It is the second time the Conservative work and pensions minister, treat Esther McVey, click has been caught out using the same figures to try to justify the coalition’s disability living allowance (DLA) reforms.
The Mail on Sunday this week reported that McVey believed coalition plans to abolish working-age DLA had led to a huge increase in applications by people desperate to claim the benefit before it was replaced by the new personal independence payment (PIP), try which will come with a tougher assessment.
The Mail on Sunday article – based on an interview with McVey – stated: “The decision to introduce new tests has produced an extraordinary ‘closing-down sale’ effect, with rocketing claims as people rush to get their hands on unchecked ‘welfare for life’ before McVey’s axe falls on April 8.”
A spokeswoman for McVey told Disability News Service (DNS) that, although she did not use the phrases “closing-down sale” or “welfare for life”, “everything in the article was a fair representation” of the interview.

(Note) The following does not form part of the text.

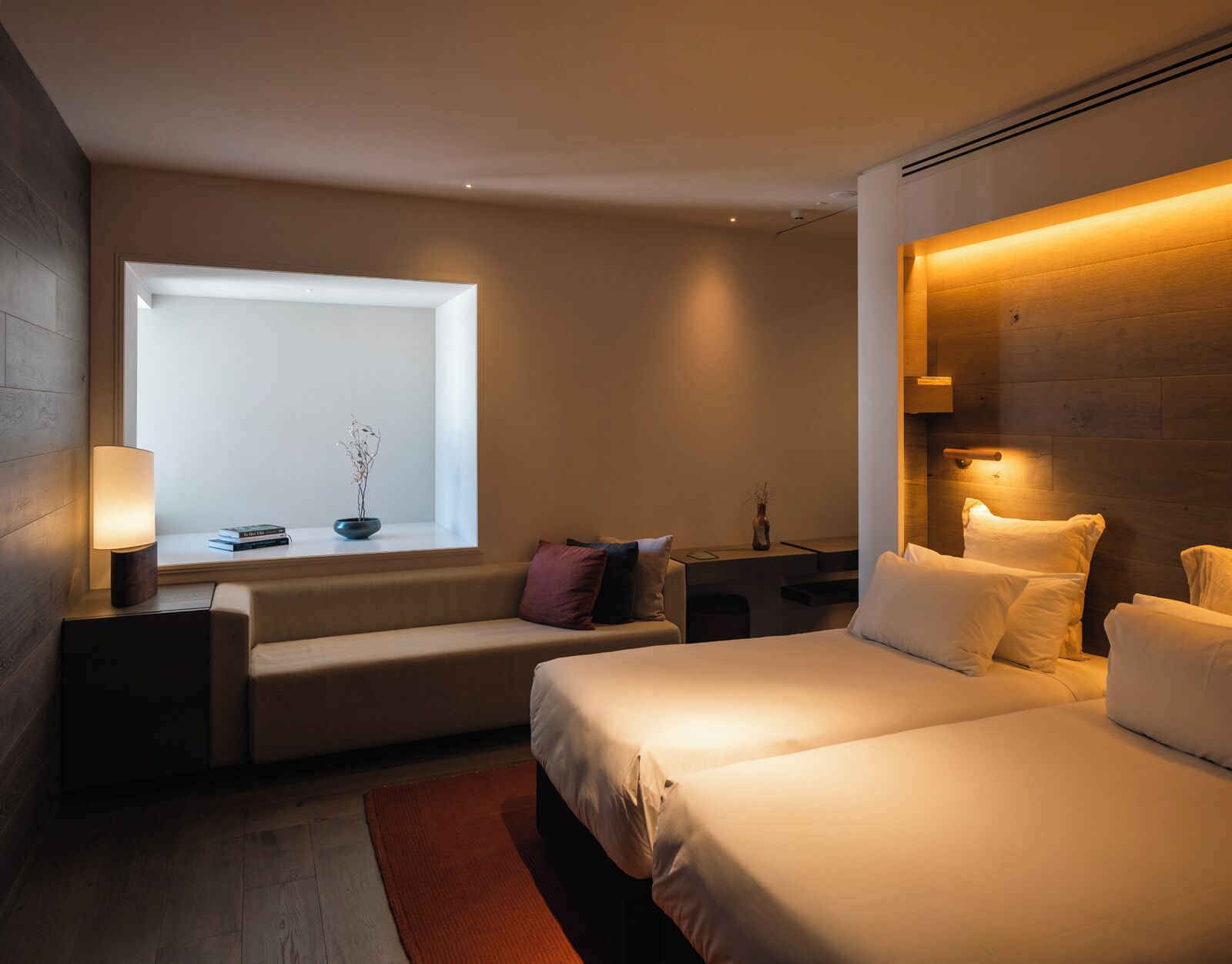 Een moderne hotelkamer met een groot raam, een bank, een bed en een nachtkastje met een lamp.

But the figures referred to by the Mail are the same ones that led to the government being accused last month of “manipulating” its own benefit statistics in a bid to justify scrapping DLA.
An analysis of the DLA figures by DNS showed that the number of claimants aged 16-64 actually fell by more than 1,600 between February and May 2012.
This is important because the reforms and cuts – with an estimated 900,000 fewer people receiving PIP by 2018 than if DLA had not been scrapped – will only affect working-age claimants.
Anne McGuire, Labour’s shadow minister for disabled people, who has been critical of the Department for Work and Pensions’ (DWP) use of statistics, said: “Although the DWP says that the minister did not use the words ‘closing down sale’, she is obviously comfortable with the language, which is insulting to the many disabled people who were applying for the benefit out of need.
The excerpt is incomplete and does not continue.